Il y a des rencontres qui ne s’expliquent pas. Elles s’imposent, simplement. Simba fait partie de celles-là.
Il y a tout juste deux ans, jour pour jour le 14 avril 2024, avec mon colocataire de l’époque, nous avons pris la route direction Saint-Nazaire. Une histoire un peu floue au départ, mais un objectif clair au bout du trajet. Chez Patricia, qui avait autrefois tenu une crêperie à La Baule au nom délicieusement évocateur, “Le Chat Gourmand”.
Là-bas, nous attendait un chat. Pas n’importe lequel. Un chat cabossé par la vie, renversé par une voiture, et surtout abandonné à son sort parce que le soigner coûtait trop cher. Une phrase qui, à elle seule, mérite d’être oubliée à jamais.
Alors, sans trop réfléchir, nous avons décidé de changer le scénario.
Ce chat, c’est Simba.
À l’époque, il n’avait rien d’un roi. Plutôt un petit guerrier fatigué. Mais avec ce regard… celui qui vous attrape sans demander la permission. Nous l’avons ramené à la maison, un peu comme on ramène une évidence.
Deux ans plus tard, le contraste est saisissant.
Simba est là. Bien vivant. Heureux, même. Avec son allure de Maine Coon majestueux et son tempérament doux comme une soirée d’été à Vertou. Il a trouvé sa place, ou plutôt… il nous a trouvés.
Alors oui, aujourd’hui, il est hospitalisé. Quelques soucis de santé viennent jouer les trouble-fêtes. Rien de très élégant de leur part, soyons honnêtes. Mais je le connais. Je sais de quoi il est capable.

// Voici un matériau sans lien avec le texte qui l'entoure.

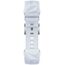 Смарт-часы HUAWEI WATCH GT 5 | 41 mm | Blue, Размер корпуса : 41 мм, Цвет: Light Blue, изображение 12 Смарт-часы HUAWEI WATCH GT 5 | 41 mm | Blue, Размер корпуса : 41 мм, Цвет: Light Blue, изображение 12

Ce chat a déjà écrit le premier chapitre de sa renaissance. Celui-ci ne sera qu’une parenthèse.
Simba a aujourd’hui quatre ans et demi. L’âge où l’on commence à profiter pleinement de la vie… et à faire quelques caprices, aussi, il faut bien le dire.

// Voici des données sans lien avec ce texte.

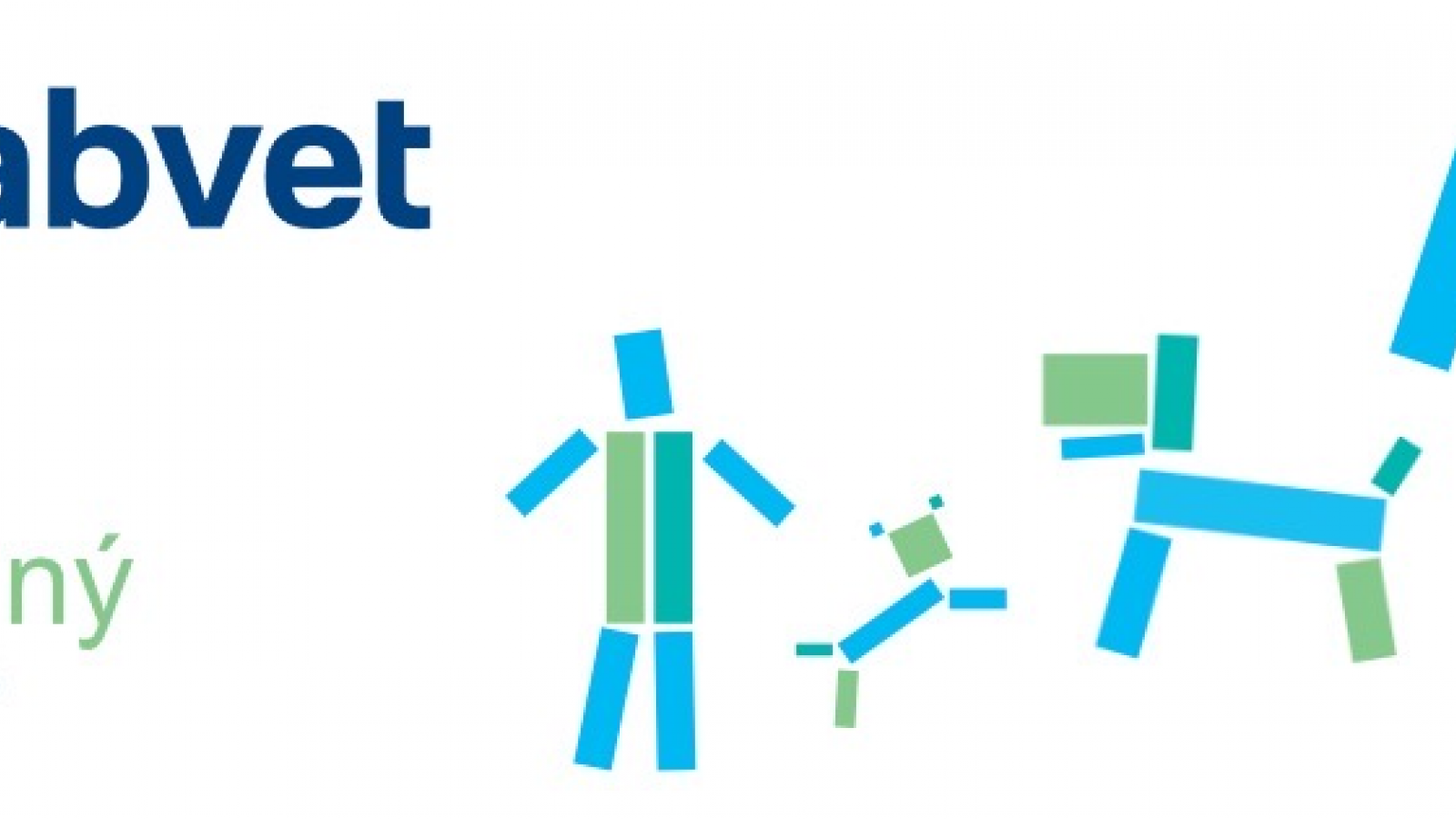 ABVET - Veterinární klinika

Je lui souhaite une longue vie. Une très longue vie.
Et surtout, encore beaucoup de moments partagés. Parce qu’au fond, ce n’est pas nous qui avons sauvé Simba.
C’est lui qui, discrètement, a apporté quelque chose de précieux à cette maison. Un supplément d’âme. Une présence. Une évidence.
Et ça, franchement, ça n’a pas de prix.